顕微鏡を覗くと、ゾウリムシミジンコの仲間、糸のような糸状菌など、ミクロの牧場が見えてきます。

  • ふつうの時:短い棒状の細菌(バチルス)が有機物を分解。

  • 脂っこい時:油を好む菌が増える。

  • 寒い時:代謝が落ちるので曝気や滞留時間を調整⛄

  • 臭い時:酸素不足のサイン。曝気量や撹拌を見直し。
    微生物の“顔つき”を見れば現場の健康状態がわかるんです。ちょっと可愛いでしょ?

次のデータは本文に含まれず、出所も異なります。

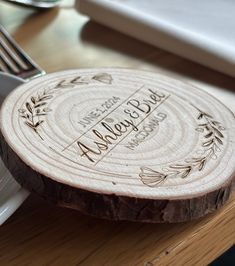 a personalized wooden plate on a table next to a fork and knife with the names of two people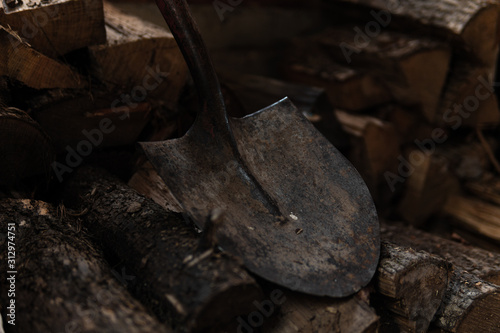 Wood Pile with a Shovel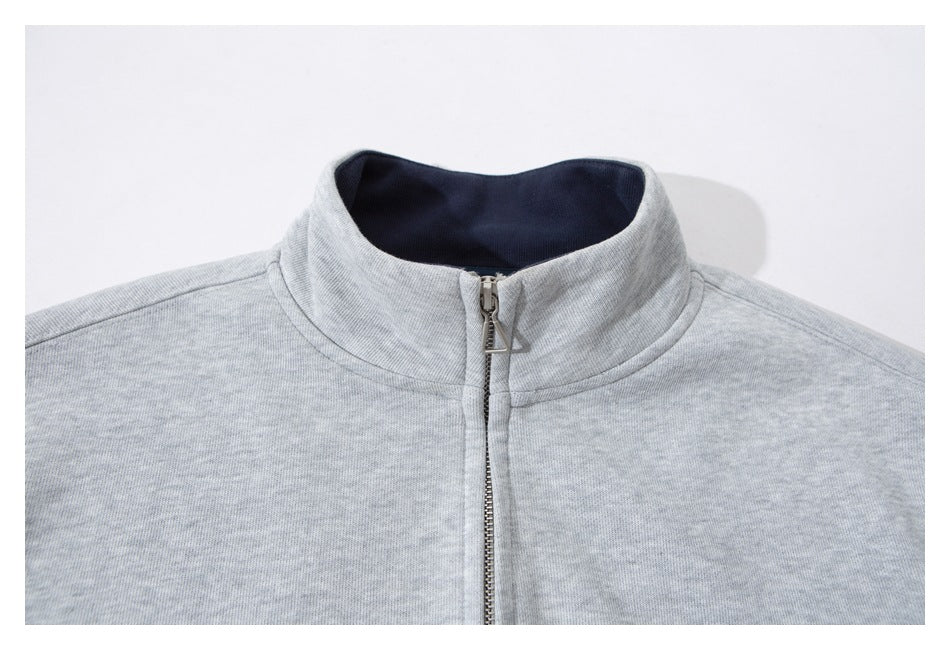 Close-up of a light gray zip-up jacket's raised collar, dark lining, and metal zipper.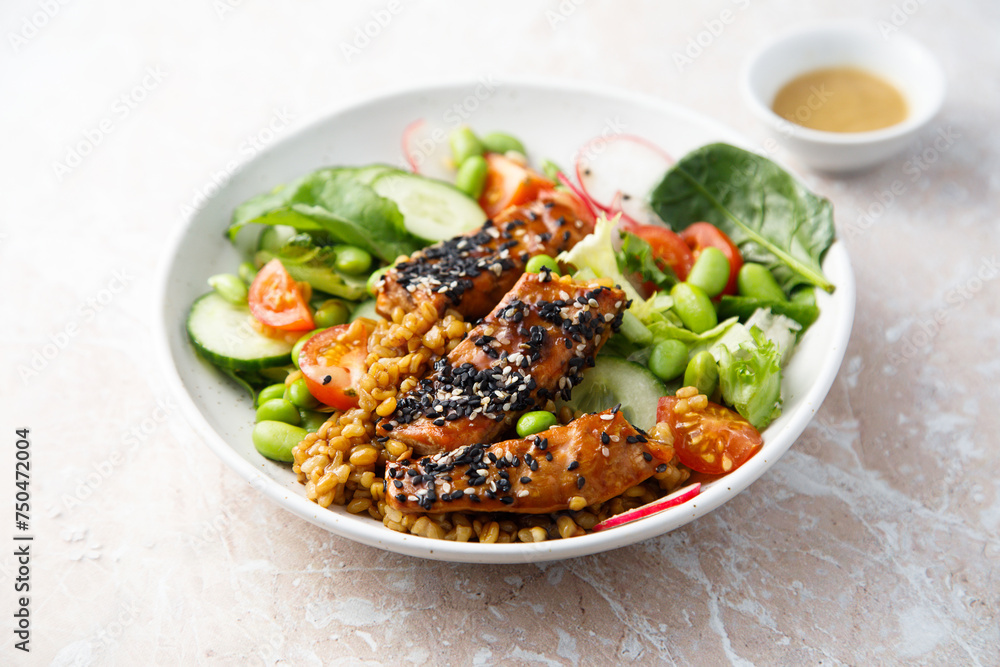 Salmon poke with vegetables and sesame seeds Salmon poke with vegetables and sesame seeds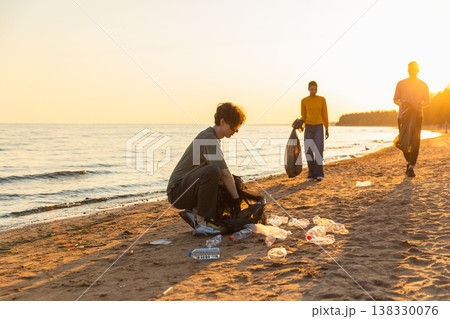 Earth day. Volunteers activists team collects garbage cleaning of beach coastal zone. Woman mans puts plastic trash in garbage bag on ocean shore. Environmental conservation coastal zone cleaning 138330076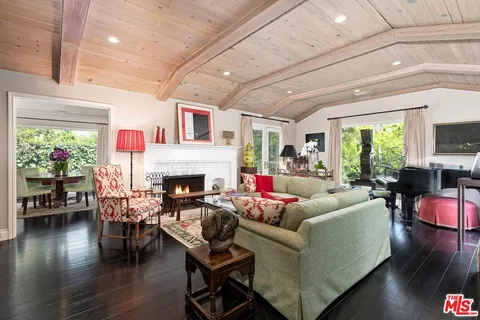 a living room with patio furniture and a fireplace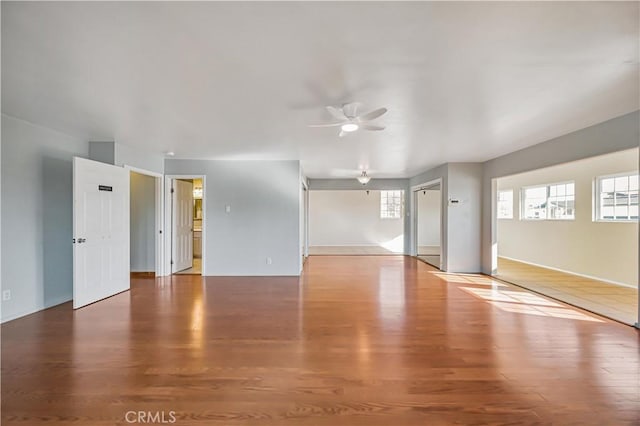 spare room featuring ceiling fan and wood finished floors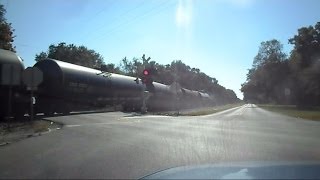 preview picture of video 'CSX Tank Train Chasing Down The Street'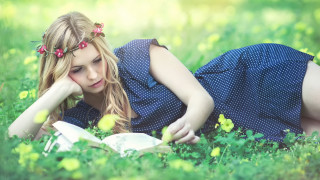 Girl blonde reading flower garden - her hair and a flower free wallpaper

3|“にごり”と“匂い”を数字で語る:モニタリングって大事

  • BOD/COD(汚れの量)

  • SS(浮いてる固形物)

  • pH・温度・溶存酸素(DO)

  • 窒素・りん(栄養塩)

  • においセンサー・ORP(酸化還元)
    これらをオンライン計測×クラウドで見える化。異常の前兆(エアレーションの泡の質、返送汚泥の色)もデータ+目視でキャッチします


4|“汚泥”は宝の山:燃やすだけじゃもったいない

処理の副産物である汚泥。実は——

  • メタン発酵発電

  • 堆肥化して緑地へ

  • リン回収で肥料原料に

  • 乾燥固形燃料として熱利用
    “汚れ”がエネルギーと資源に変わる。これがサーキュラーエコノミーの最前線です♻️


5|排水処理の“推しポイント”5連発

  1. 社会インフラの主役:止まると街が止まる。責任重大だけど、やりがいMAX。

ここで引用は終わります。